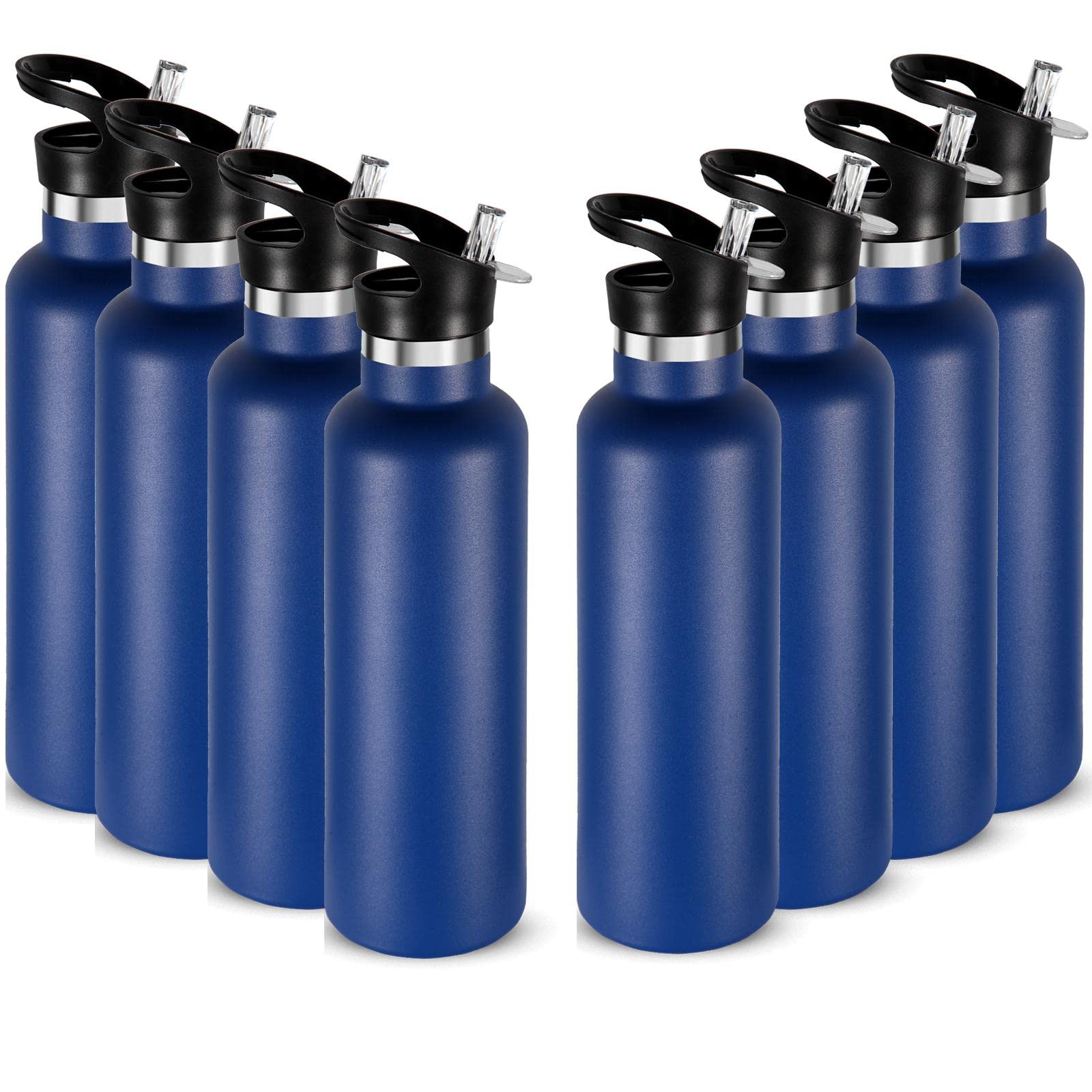 Neihepal 24oz Insulated Water Bottles Bulk 8 Pack,Stainless Steel Double Wall Sport Bottle with Straw Lid,Metal Cup Reusable Thermoses with Hand Cap for School,Cyclists,Hikers,Gift(Mix Color,8 Count)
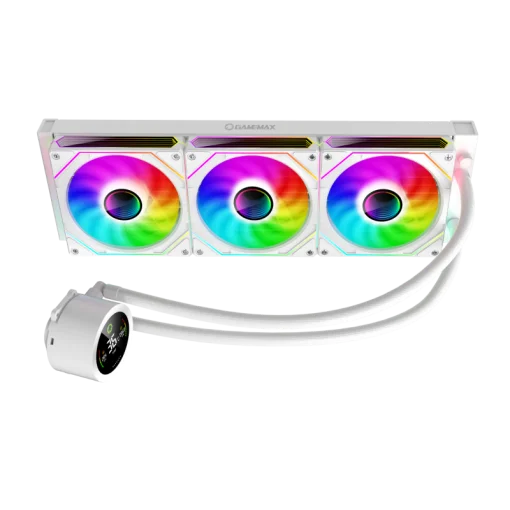 Cod. B:170 Enfriamiento L&iacute;quido GAMEMAX ICEBURG 360 Digital WH / FAN 3*120MM PWM / TDP 290W / Pantalla digital de temperatura / Sincronizaci&oacute;n ARGB AURA Sync / Compatible Intel LGA1700 y AMD AM5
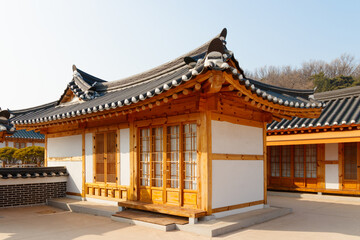 Fototapeta premium Traditional Korean style architecture at Hanok Village. Traditional Korean house.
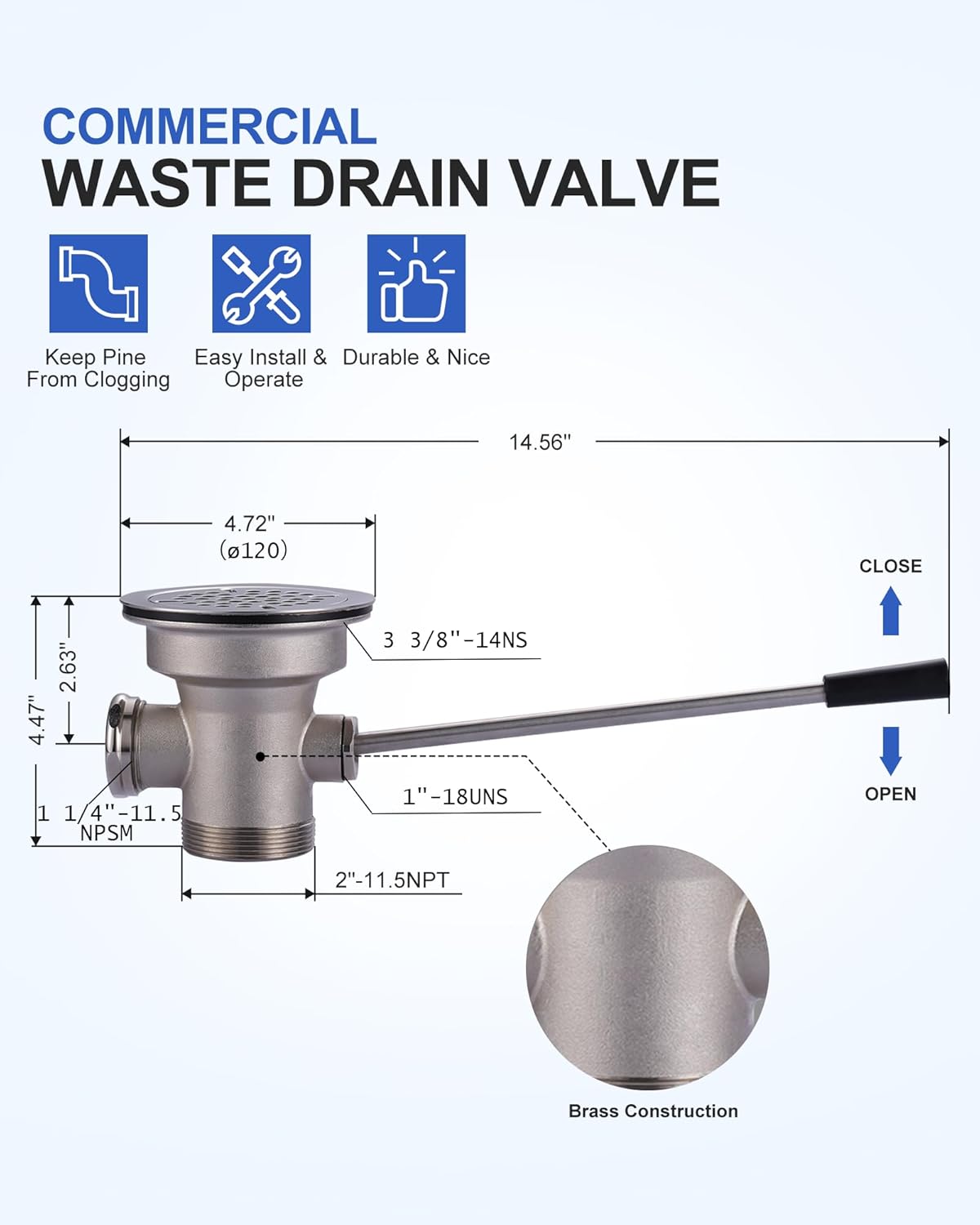 Commercial Sink Drain: 3-1/2" Sink Opening Waste Drain Valve - Brass Kitchen Sink Drain With Lever Handle - Commercial Sink Stopper Prevents Sink Clogged Overflow for Restaurant Multi-Basin Sink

● ● ● ● ● ● ●

→ GOAL OF THE EXERCISE:
For this exercise, transcribe exactly only the lines from the one containing "Cod. B:170 Enfriamiento" through the end of the listing, inclusive, without the pictures.

→ TASK SOLUTION:
 Cod. B:170 Enfriamiento L&iacute;quido GAMEMAX ICEBURG 360 Digital WH / FAN 3*120MM PWM / TDP 290W / Pantalla digital de temperatura / Sincronizaci&oacute;n ARGB AURA Sync / Compatible Intel LGA1700 y AMD AM5
 Fototapeta premium Traditional Korean style architecture at Hanok Village. Traditional Korean house.
 Commercial Sink Drain: 3-1/2" Sink Opening Waste Drain Valve - Brass Kitchen Sink Drain With Lever Handle - Commercial Sink Stopper Prevents Sink Clogged Overflow for Restaurant Multi-Basin Sink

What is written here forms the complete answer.